_REQUIREMENT_. Write out the records once more, exactly, and keep any image out.
╭─ DATA FOR PROCESSING
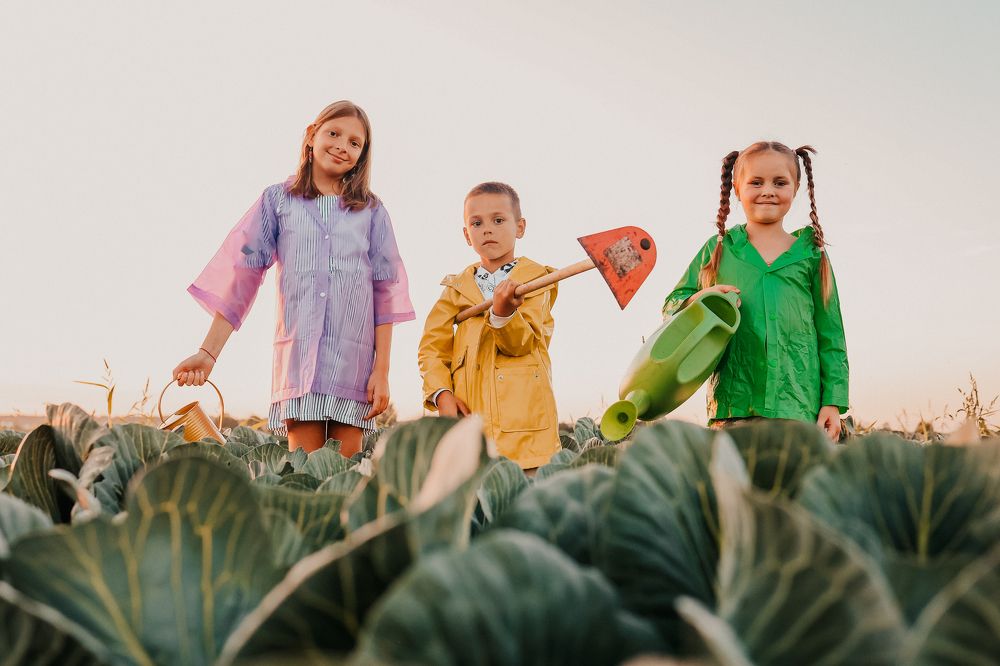 Photograph by Малинина Елена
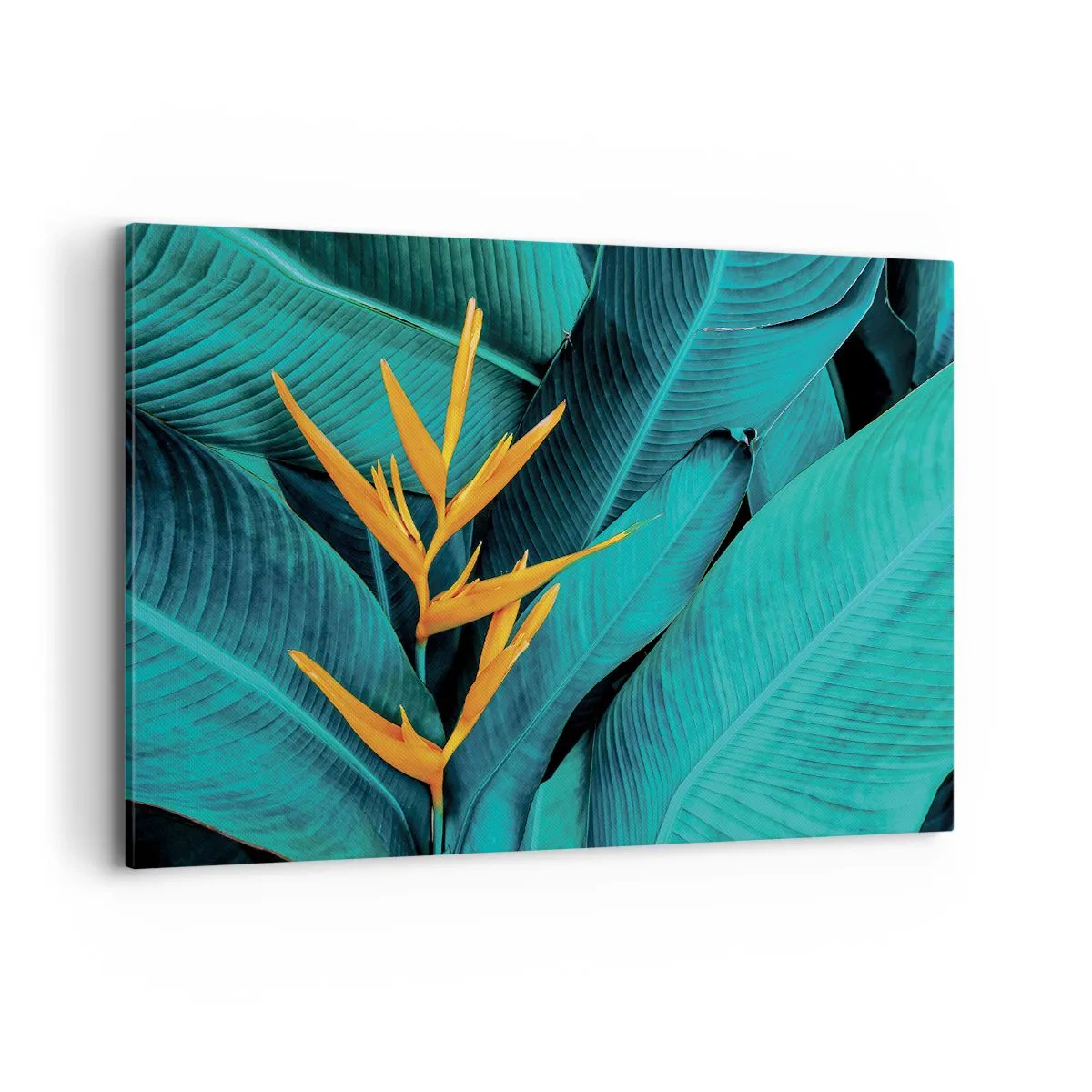 Quadro su tela - Stampe su Tela - Un fiore esotico su uno sfondo di foglie di banano in tonalità turchesi. - 120x80cm - Il fiore dell'Eden - Decorazione murale moderna per soggiorno e camera da letto ARTTOR
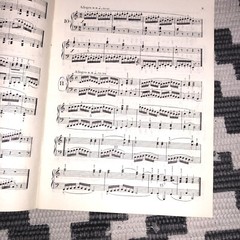 Lot Of 10 Vintage Piano Scores And Studies. Condition Varies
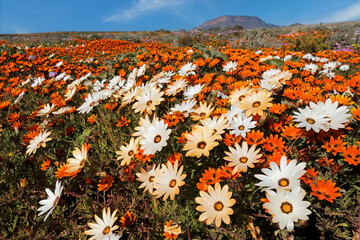 Colorful spring blooming wildflowers, Namaqualand, Northern Cape, South Africa - obrazy, fototapety, plakaty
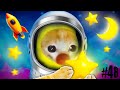 Banana cat space adventure  happy cat funny cartoon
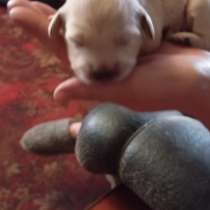 Щенки английского кокер спаниеля, 2мальчика чёрный и белый, в Абакане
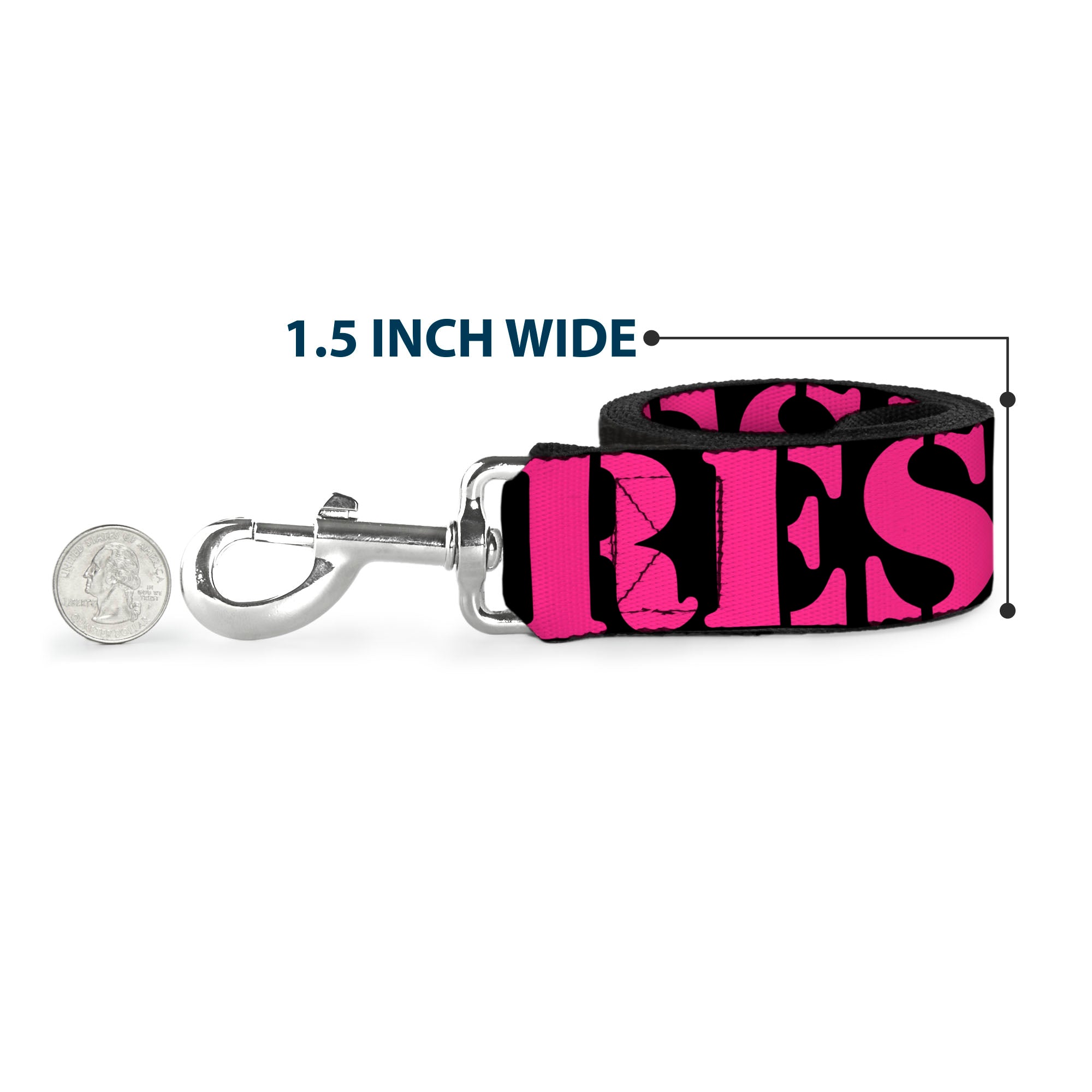 Dog Leash - RESIST Stencil Black/Pink Dog Leashes Buckle-Down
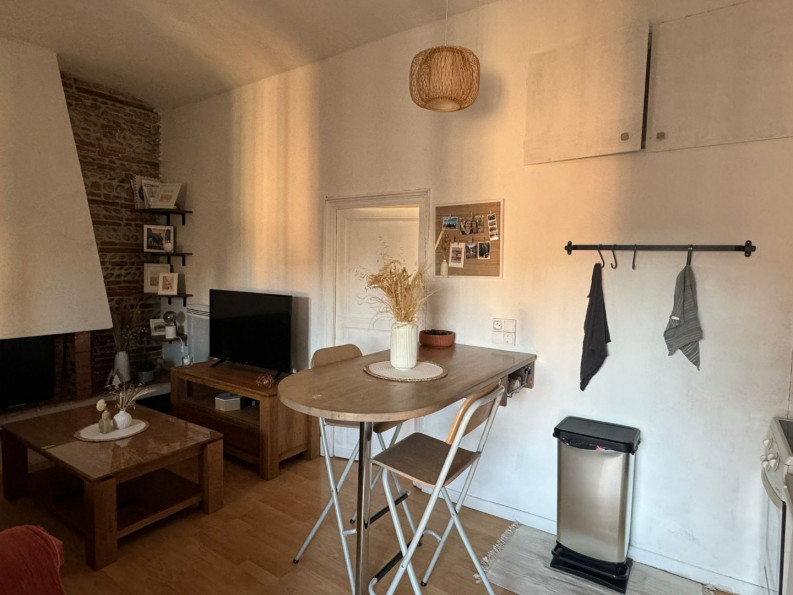 location Appartement Toulouse - Photo 1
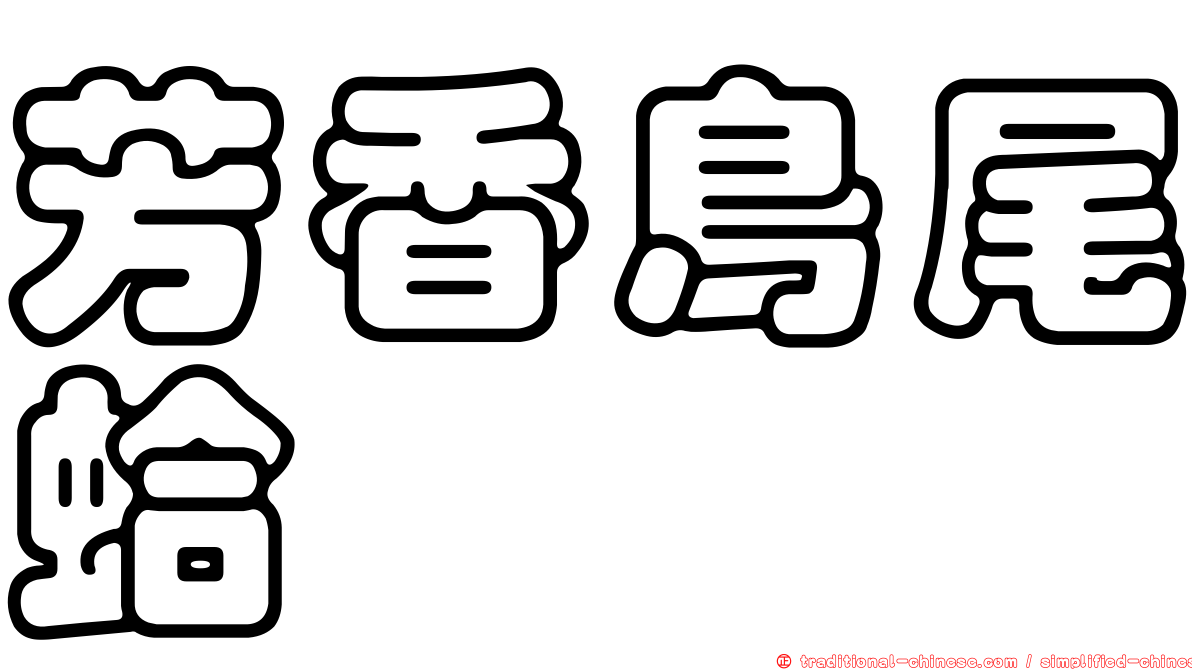 芳香鳥尾蛤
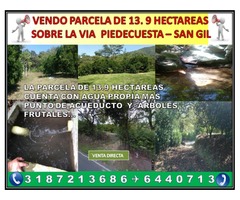 VENDO PROPIEDAD  13.9 HECTÁREAS SOBRE LA VÍA PIEDECUESTA -- SAN GIL.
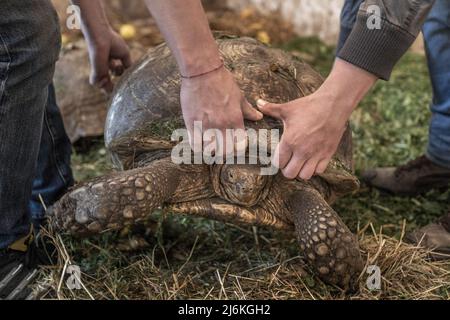 Region Poltava, Ukraine. 2.. Mai 2022. Mitarbeiter des Feldman-Eco Parks arbeiten daran, gerettete Schildkröten am Montag, den 2. Mai 2022, in einen temporären Eco-Park in der Region Poltava zu bringen, zwei Stunden westlich von Charkiw in der Ukraine. Führende israelische Beamte verurteilten am Montag Äußerungen des russischen Chefdiplomaten, die behaupteten, dass der Nazi-Führer Adolf Hitler jüdisch sei und implizierten, dass jüdische Gefangene während des Zweiten Weltkriegs für ihren eigenen Tod im Holocaust verantwortlich seien. Foto von Ken Cedeno/UPI Credit: UPI/Alamy Live News Stockfoto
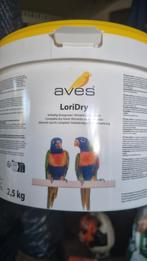 Te koop 3 Lorie van de blauwe bergen, Dieren en Toebehoren, Vogels | Parkieten en Papegaaien, Meerdere dieren, Papegaai, Tam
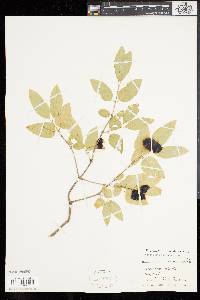 Lonicera canadensis image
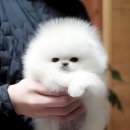 밀리언 로즈 가든 이미지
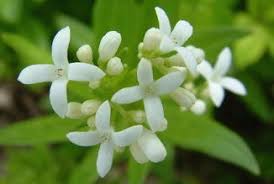 One of the best gift shops. Galium Odoratum Springerlink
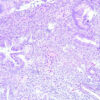 Oakstone Gynecologic Pathology 2026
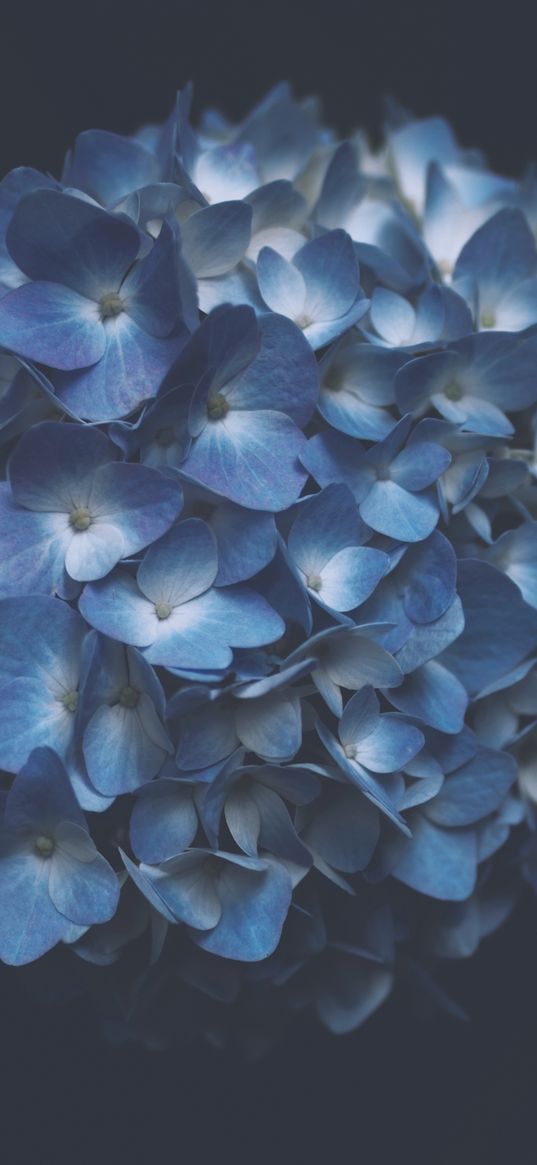 hydrangea, blue, macro, inflorescence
╰─
_SOLVED EXERCISE_.
 Photograph by Малинина Елена
 Quadro su tela - Stampe su Tela - Un fiore esotico su uno sfondo di foglie di banano in tonalità turchesi. - 120x80cm - Il fiore dell'Eden - Decorazione murale moderna per soggiorno e camera da letto ARTTOR
 Lot Of 10 Vintage Piano Scores And Studies. Condition Varies
 Colorful spring blooming wildflowers, Namaqualand, Northern Cape, South Africa - obrazy, fototapety, plakaty
 Banana cat space adventure  happy cat funny cartoon
 Щенки английского кокер спаниеля, 2мальчика чёрный и белый, в Абакане
 Dog Leash - RESIST Stencil Black/Pink Dog Leashes Buckle-Down
 location Appartement Toulouse - Photo 1
 芳香鳥尾蛤
 VENDO PROPIEDAD  13.9 HECTÁREAS SOBRE LA VÍA PIEDECUESTA -- SAN GIL.
 Region Poltava, Ukraine. 2.. Mai 2022. Mitarbeiter des Feldman-Eco Parks arbeiten daran, gerettete Schildkröten am Montag, den 2. Mai 2022, in einen temporären Eco-Park in der Region Poltava zu bringen, zwei Stunden westlich von Charkiw in der Ukraine. Führende israelische Beamte verurteilten am Montag Äußerungen des russischen Chefdiplomaten, die behaupteten, dass der Nazi-Führer Adolf Hitler jüdisch sei und implizierten, dass jüdische Gefangene während des Zweiten Weltkriegs für ihren eigenen Tod im Holocaust verantwortlich seien. Foto von Ken Cedeno/UPI Credit: UPI/Alamy Live News Stockfoto
 Te koop 3 Lorie van de blauwe bergen, Dieren en Toebehoren, Vogels | Parkieten en Papegaaien, Meerdere dieren, Papegaai, Tam
 Lonicera canadensis image
 밀리언 로즈 가든 이미지
 One of the best gift shops. Galium Odoratum Springerlink
 Oakstone Gynecologic Pathology 2026
 hydrangea, blue, macro, inflorescence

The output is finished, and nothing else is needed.